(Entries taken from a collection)

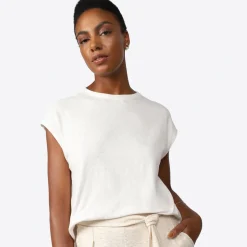 Linho | Camisetas>Basico.com Camiseta Malha Linho Feminina - Off White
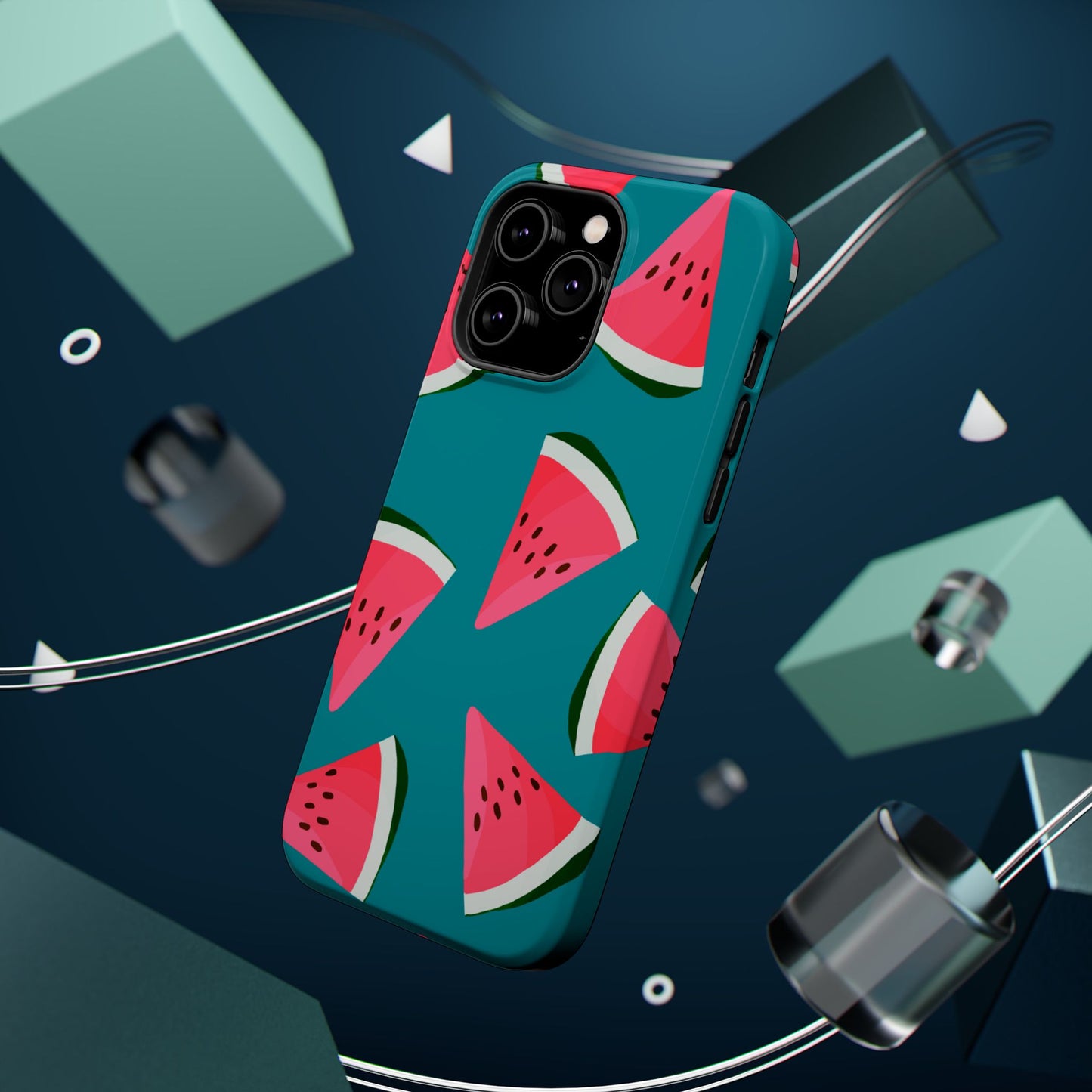 Watermelon Bliss MagSafe iPhone Case – Vibrant Summer Fruit Design on Teal Background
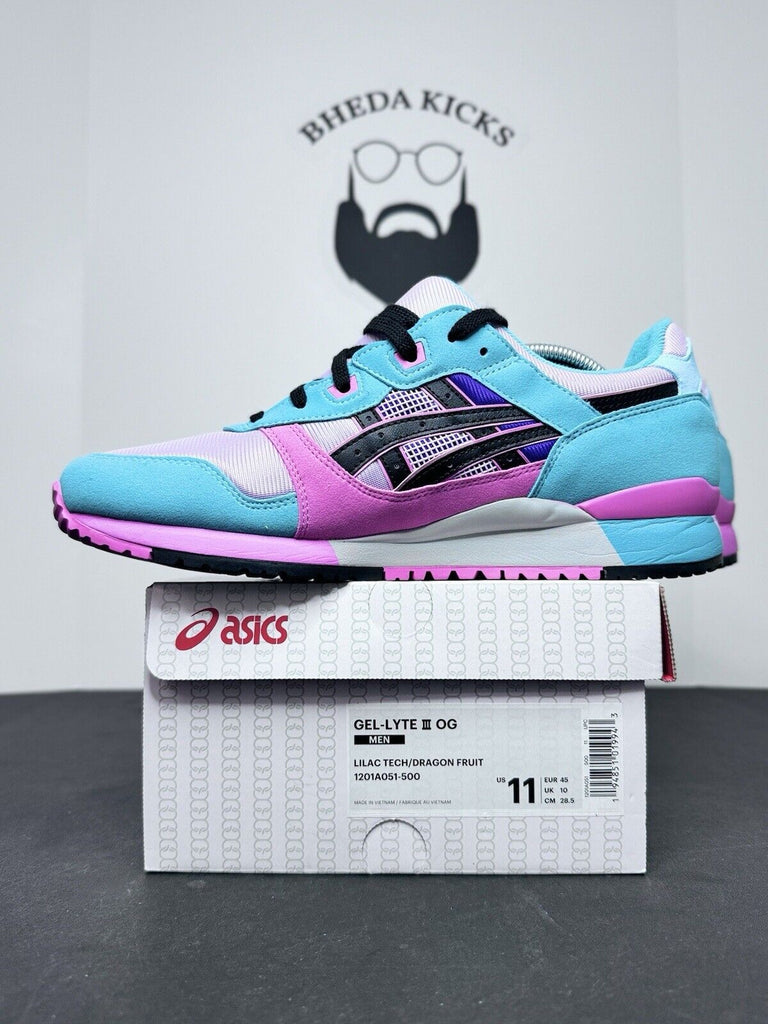 ASICS GEL-LYTE III OG 1201A051-500 Lilac Tech Dragon Fruit Worn 1x Men’s Size 11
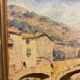 Ancient painting, landscape, escarene bridge, signed Joseph Vernay (1864-1950)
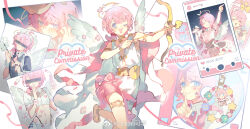1girl ^_^ alternate_costume angel_wings antenna_hair apron arrow_(projectile) barefoot_sandals_(jewelry) belt black_dress black_panties blouse blue_brooch blue_eyes bow bow_(weapon) buttons cd_case cellphone cellphone_charm censored character_charm charm_(object) closed_eyes closed_mouth coat collared_coat collared_dress collared_shirt commentary commission cowboy_shot cross cross_print cupid drawing_bow dress dress_bow duster enmaided eyelashes feather_duster feathered_wings flower food food_on_head frilled_apron frilled_sleeves frills gold_armlet gold_choker gold_thighlet greco-roman_clothes halo hand_on_own_chin heart_on_cheek highleg highleg_panties highres holding holding_arrow holding_bow_(weapon) holding_syringe holding_weapon censored_identity idol jacket jewelry lapel_pin lapels leg_up light_blush long_hair long_sleeves looking_at_viewer low_twintails maid marking_on_cheek miniskirt multiple_views navel necktie nomi_tongxue notched_lapels nurse object_on_head open_clothes open_jacket open_mouth original panties phone pink_bow pink_flower pink_hair pink_necktie pink_ribbon pink_shawl pink_skirt pleated_skirt puffy_short_sleeves puffy_sleeves ribbon sample_watermark shawl shirt short_dress short_hair short_sleeves single_stripe skirt skirt_set sleeveless sleeveless_dress smartphone smile social_network striped_clothes striped_wrist_cuffs symbol-only_commentary syringe teeth thighlet toes traditional_halo twintails two-sided_coat two-sided_fabric underwear upper_teeth_only very_long_hair watermark wavy_hair weapon weibo_watermark white_apron white_background white_dress white_jacket white_shirt white_skirt white_wings white_wrist_cuffs wings wrist_cuffs yellow_belt yellow_halo yellow_ribbon
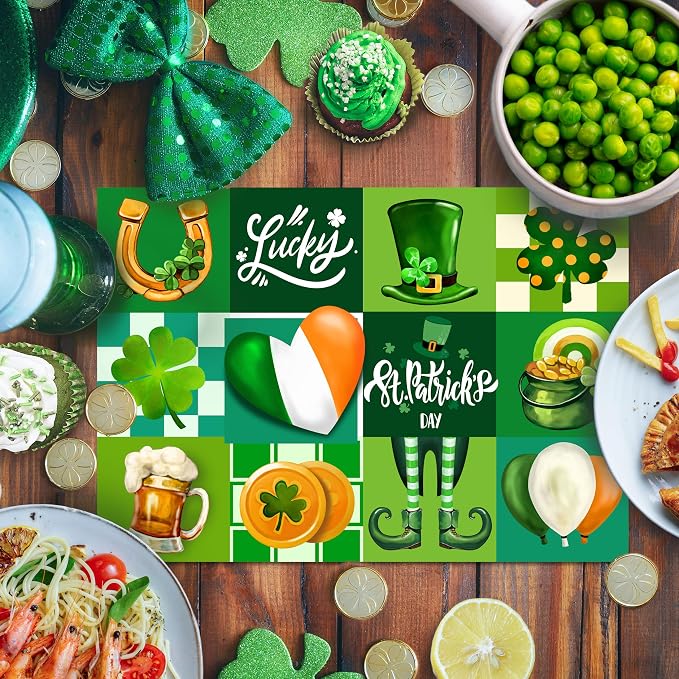 50 Pack Disposable Paper Placemats Shamrock St. Patrick's Day Placemats | Table Mats 16x11 inch Green Clover Pattern Place Mats for St. Patrick's Day Holiday Party Kitchen Dining Table Decoration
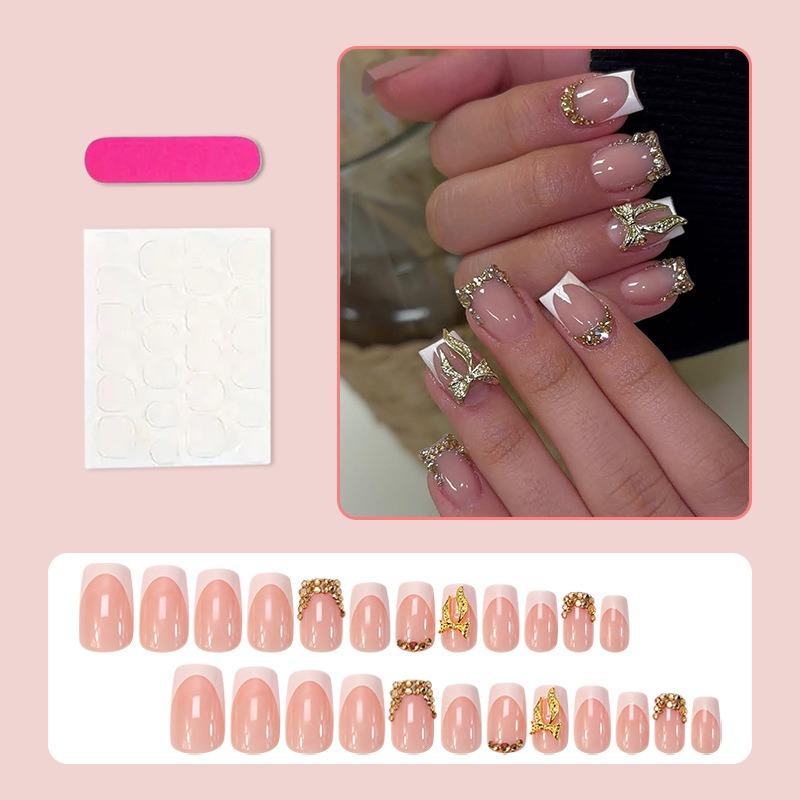 French Style Diamond Bow Fake Nails Medium Square False Nail Tips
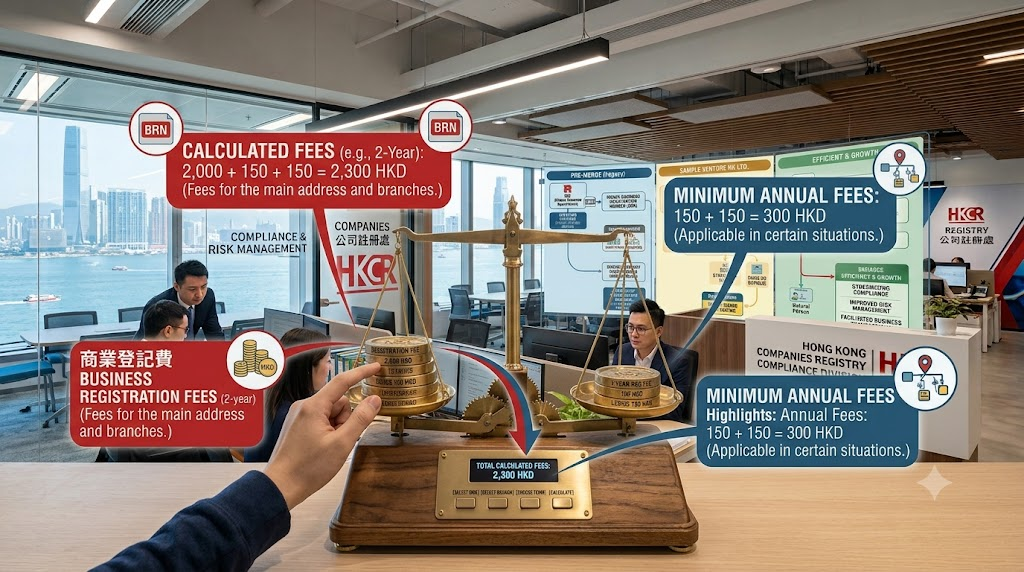 Calculator or scale representing business registration fees and levies in Hong Kong
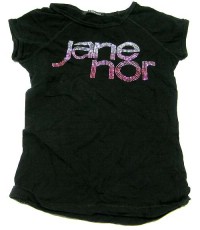 Černé tričko s nápisem zn. Jane Norman, vel. 134/140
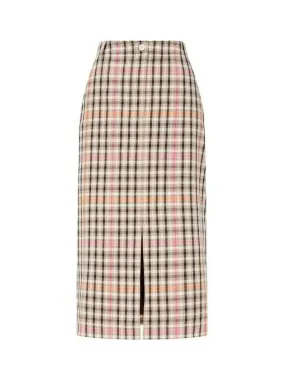 PS Women s Check Pattern Slit Skirt Beige 270779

## EXERCISE INSTRUCTIONS
Reproduce, without alteration and without pictures, only those lines that lie between the first line of the entries above and the line containing "Ancient painting, landscape, escarene", both of them included.

## WRITTEN ANSWER
 Linho | Camisetas>Basico.com Camiseta Malha Linho Feminina - Off White
 Watermelon Bliss MagSafe iPhone Case – Vibrant Summer Fruit Design on Teal Background
 ASICS GEL-LYTE III OG 1201A051-500 Lilac Tech Dragon Fruit Worn 1x Men’s Size 11
 Ancient painting, landscape, escarene bridge, signed Joseph Vernay (1864-1950)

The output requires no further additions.